Landscape Information
This L-shaped, bilevel plaza wraps around the south and west sides of Seattle Symphony’s Benaroya Hall, a six-story, semicircular curved-glass structure designed by LMN Architects in 1998. Built atop a parking structure and a Metro bus terminal, the half-acre Garden of Remembrance designed by landscape architect Robert Murase is a contemplative space dappled with sunlight and animated by cascading waterfalls, fountains, and pools. Local philanthropist Patsy Bullitt Collins intended that the plaza serve as both a civic and commemorative public landscape.

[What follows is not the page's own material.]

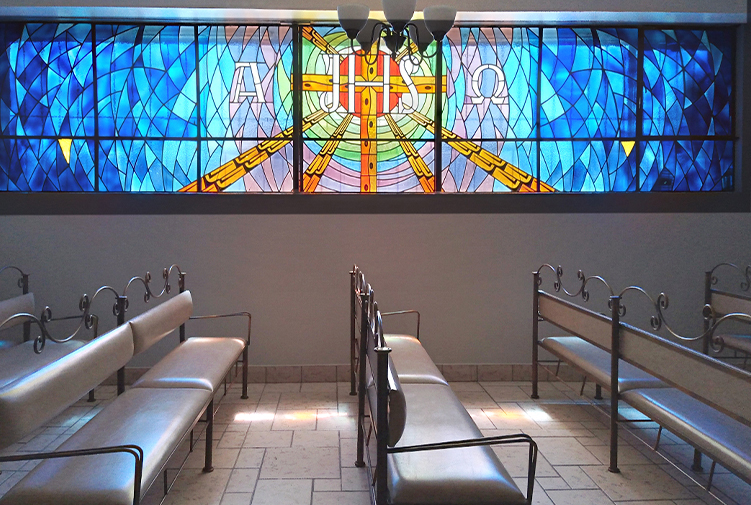 capilla-vitral-perches-jardin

The centerpiece of Murase’s design is an approximately six-foot high granite wall, oriented westward to form a triangle with the two streets and engraved with the names of more than 8,000 Washington State veterans (from World War II into the 21century). Using abstract forms not intended to mimic nature, Murase’s Japanese-inspired design deploys slender, Minimalist reflecting pools as well as animating cascades that spill and splash, diminishing the sound of nearby vehicular traffic.
Visitors access the plaza by ascending a pair of staircases at the corner intersection, where cascading waterfalls bracket its northern edge and informally placed granite boulders and large horizontal slabs cascade downward to greet visitors. Additionally, universal access for all can be achieved from the northernmost point along Second Avenue, where a linear promenade navigates the grade change beneath a visually rich palette of native canopy and flowering trees, understory shrubs, perennials and groundcovers. A variety of seating opportunities, ranging from granite slabs to free standing benches, allow visitors to linger and contemplate, and individual granite seats march along the length of the universally accessible southern entrance route.
When Murase died in 2005, seven years after the garden’s opening, his wife noted that “this had become one of his favorite places.”